Start of Records shown

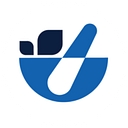 Empower Pharmacy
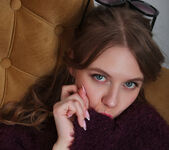 Siya - Fainya II - Rylsky Art 17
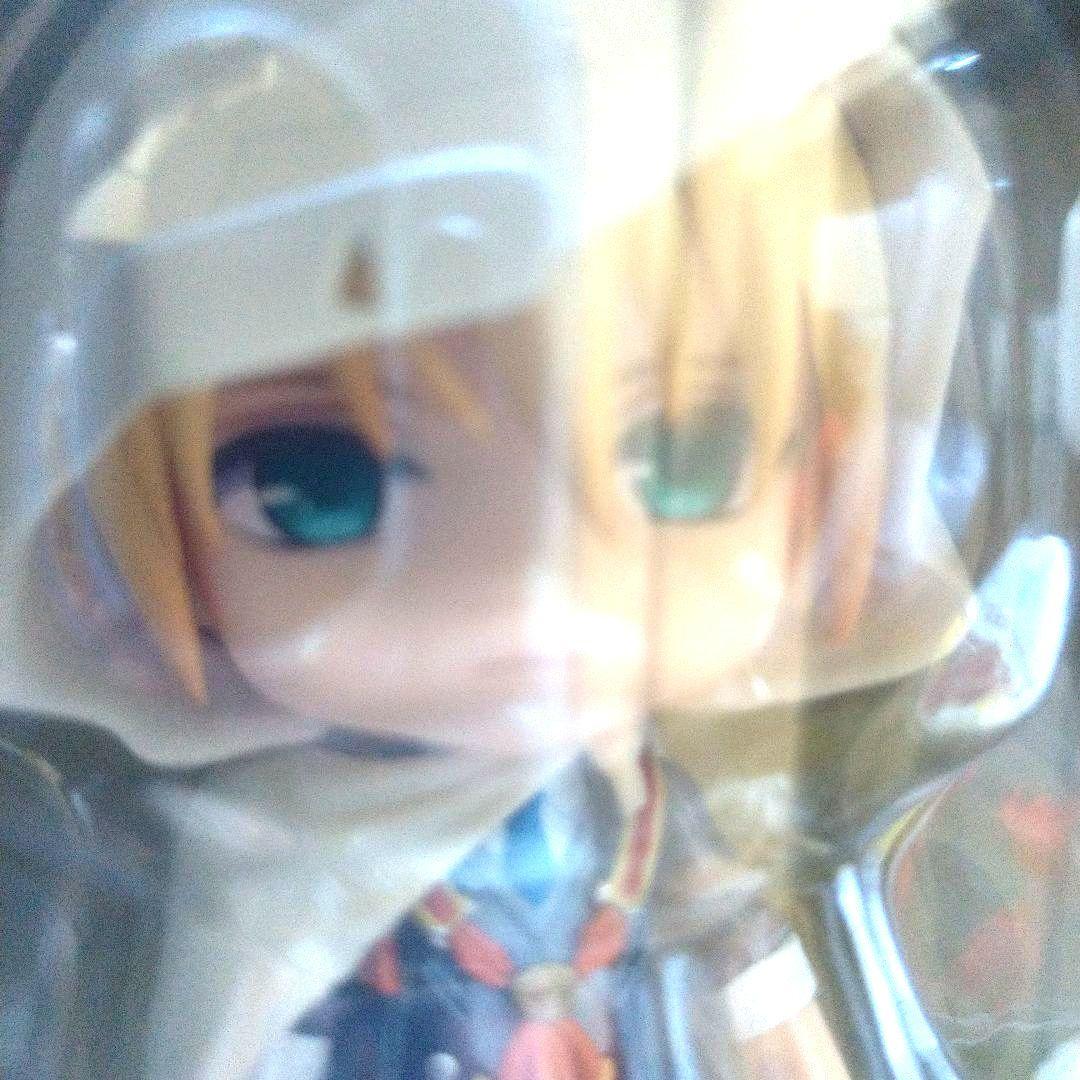 刀剣乱舞 山姥切国広 山姥切長義 鶴丸国永 ねんどろいど カード他まとめ売り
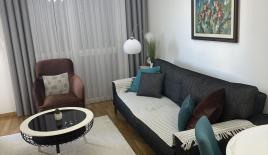 Квартира за 135 000 евро в Баре, Черногория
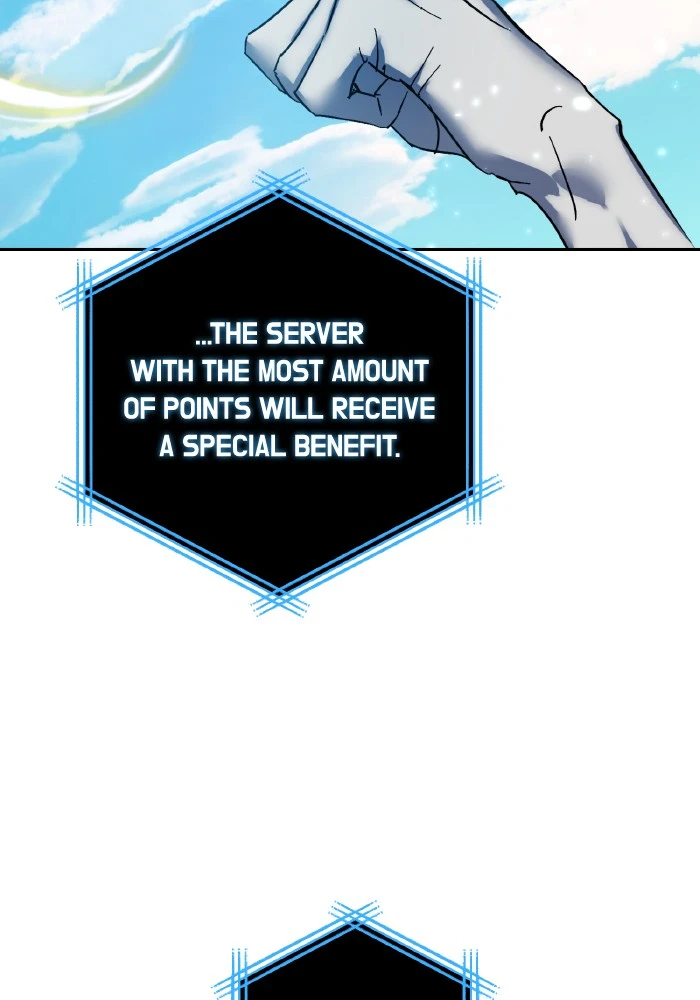 Return to Player Chapter 80 — Page 86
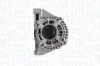 ALTERNATOR 063377591010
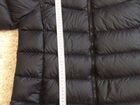 Куртка демисезонная женская 42-44 рамер объявление продам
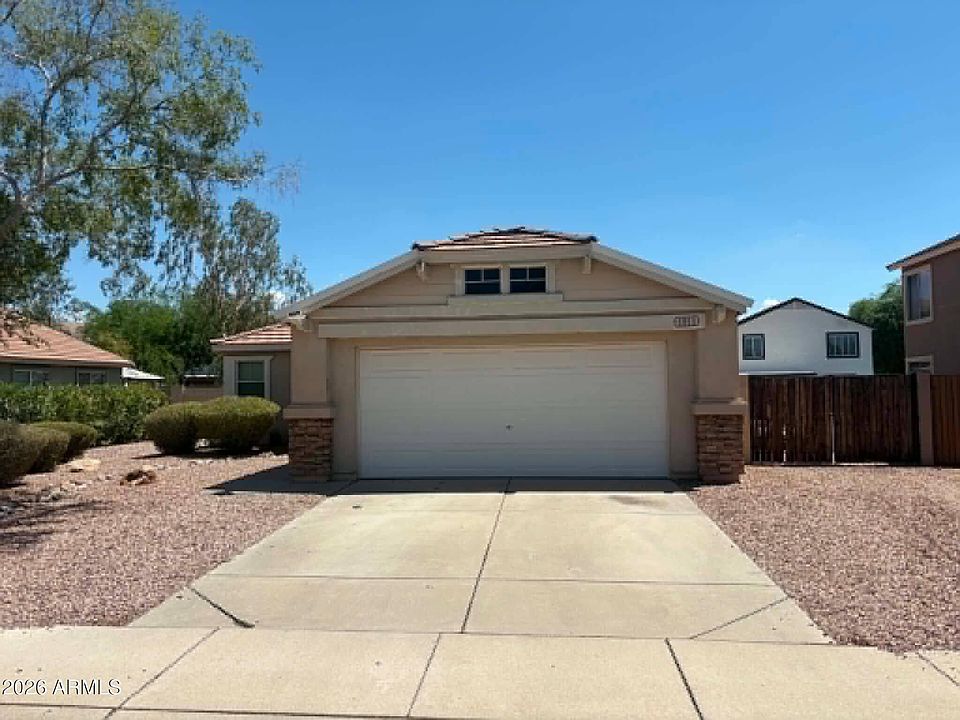 1st image of 1911 E 36TH Avenue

End of Records shown

Exercise aim:
Copy out all the records exactly as they read, and omit the pictures.

Written answer:
 Empower Pharmacy
 Siya - Fainya II - Rylsky Art 17
 刀剣乱舞 山姥切国広 山姥切長義 鶴丸国永 ねんどろいど カード他まとめ売り
 Квартира за 135 000 евро в Баре, Черногория
 Return to Player Chapter 80 — Page 86
 ALTERNATOR 063377591010
 Куртка демисезонная женская 42-44 рамер объявление продам
 1st image of 1911 E 36TH Avenue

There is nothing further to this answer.